Sunday, March 3, 2013

Of Rides and Senses



In Chicago, I used to take the blue line to go to downtown. As I waited at the station, I looked at the cars on the highway, which was parallel to the tracks. I liked to watch the cars zooming by. They moved one after another in a disciplined way. The windowpanes of the cars were closed. The driver and the passengers were not comfortable to allow the unruly wind inside the car. The weather of the Chicago had to be blamed in that aspect. It was too cold in the winters and too hot in the summers. The driver and the passengers were accustomed to the unnatural wind circulating inside the car instead of the natural one.
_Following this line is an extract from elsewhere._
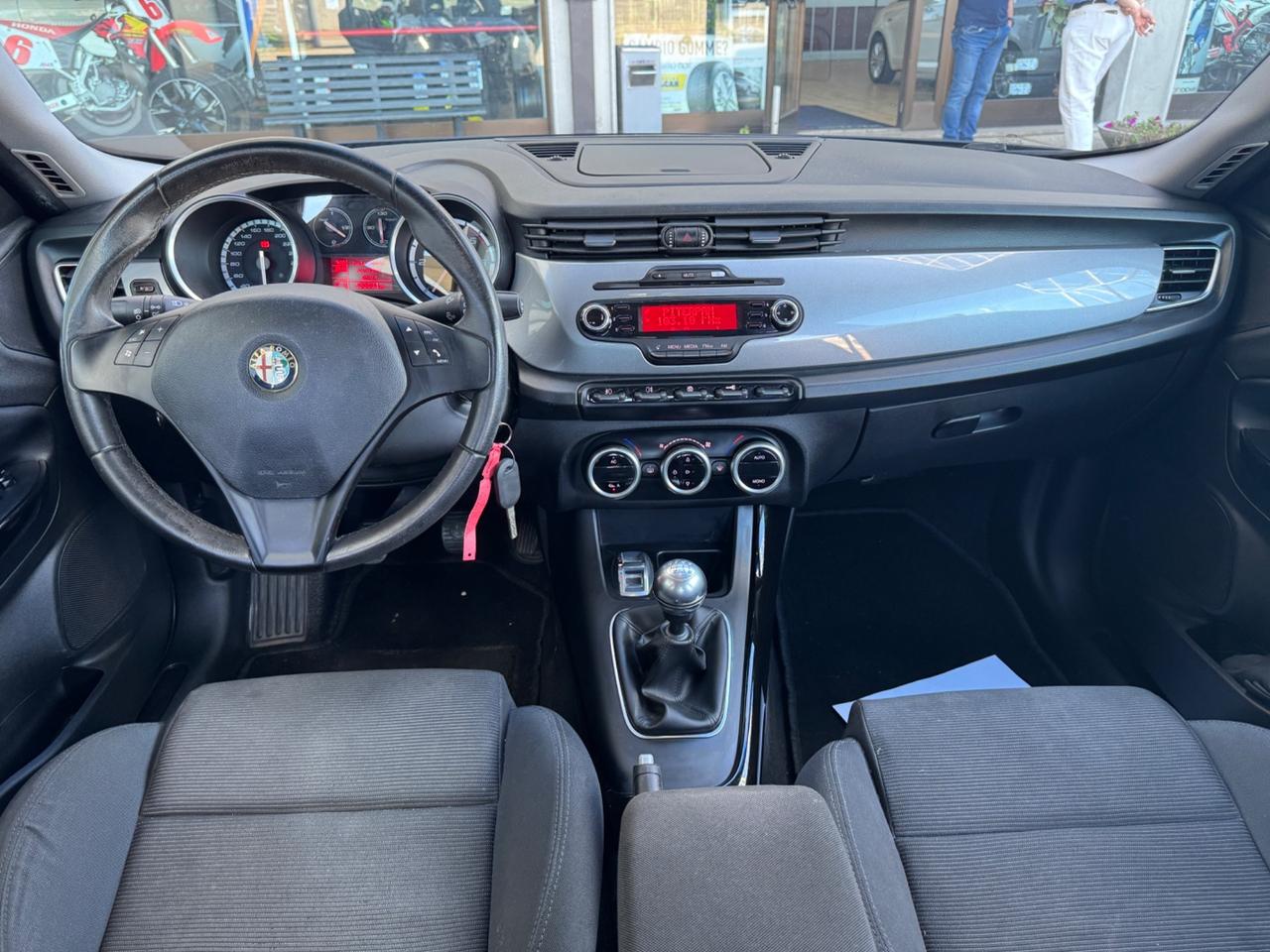 Alfa Romeo Giulietta 2.0 JTDm-2 170 CV Distinctive 2012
I have been inside one of those cars and I heard only the constant hum of the tyres on the road.

Unlike the dull rides in Chicago, the rides in my hometown, Warangal, indulged the five senses. I remember one such ride that I had a couple of years ago.
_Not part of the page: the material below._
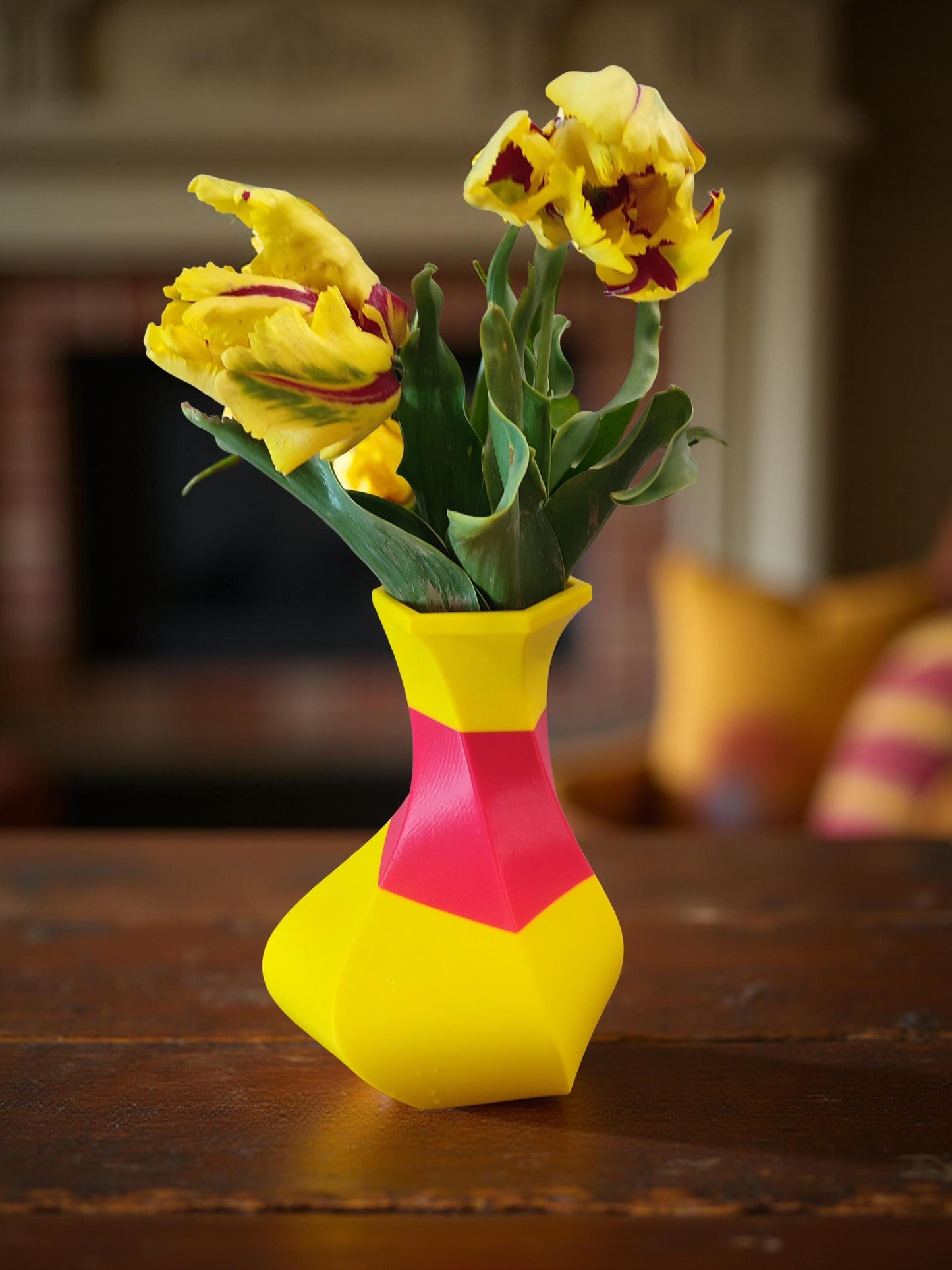 Vaso moderno, estroso, colori giallo e rosso.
I heard the ring, ‘tring tring’ of the bicycle begging the cars and motorcycles for the right of way. I heard a sharp beep of the Yamaha or Suzuki motorcycle that zipped through the cars in the narrow space. I heard the long consistent impatient sound of the car horn, ‘keee keee keeee’, which waited for the cycles and motorcycles to clear from its way. I heard the haughty horn of the black and yellow auto, which did not care about others, cut everybody out and jerked the passengers in the auto from side to side.
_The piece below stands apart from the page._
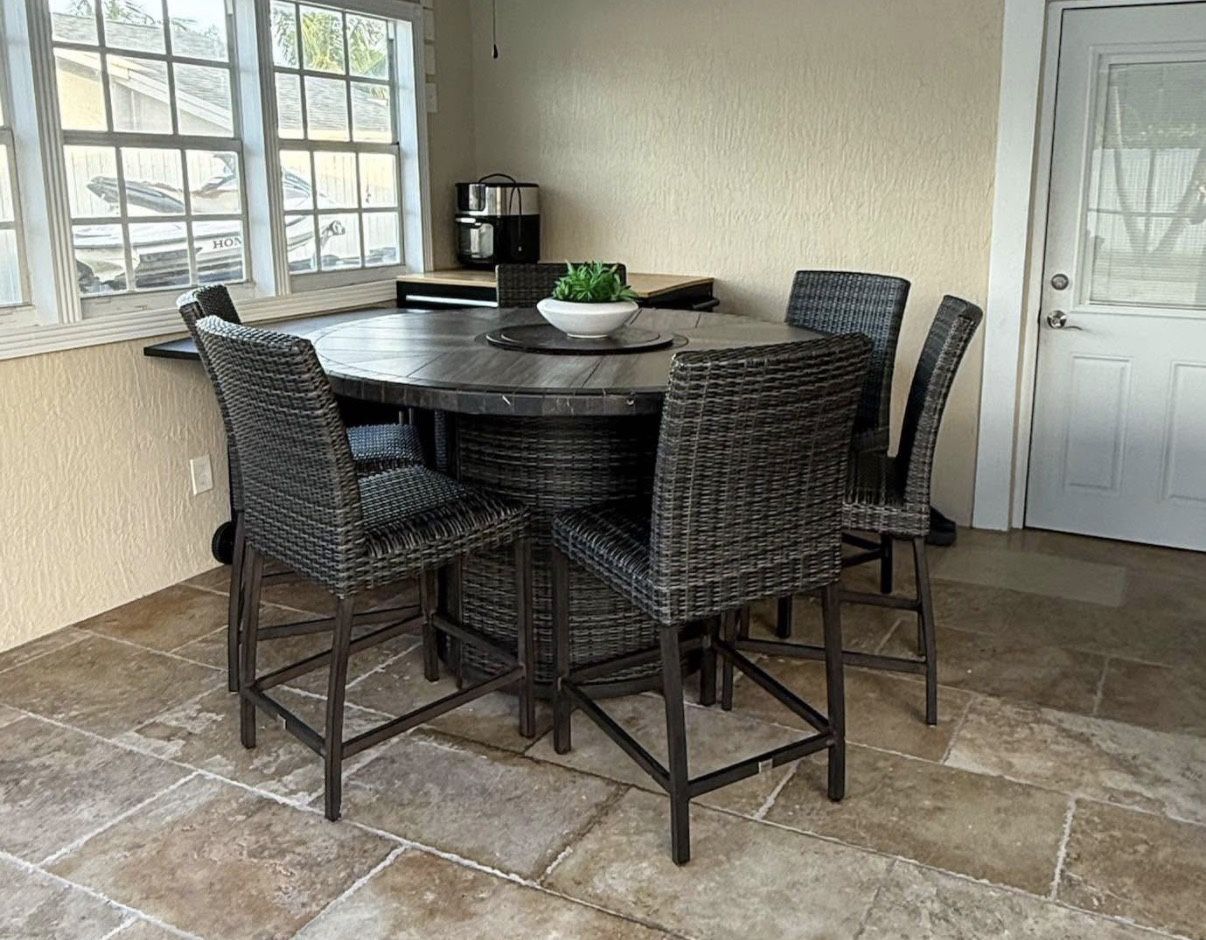 Round Table / Outdoor Table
I saw the powdery brown colored dust coming off the road. The dust was tasteless. The hot gusts of wind touched my exposed skin, delivered heat to my flesh and made it supple. I smelled dead fish and discovered the source. A lady in blue saree, with a red cloth on top of her head, sat cross-legged in front of a thin transparent sheet on top of which were dead fishes. They looked at all the vehicles on the road with expressionless eyes.  An elderly man with a bald head, dressed in white stood before her. They were both haggling over the price of two pomfret, that the lady held in her hand. The dead fish did not care about at what price they were being sold, so they still bore the same expressionless eyes. My senses registered all these actions within a span of few seconds. There was so much to take in.

 Apart from this short story, a few pics from the Bangalore Auto Show that I attended over this weekend. 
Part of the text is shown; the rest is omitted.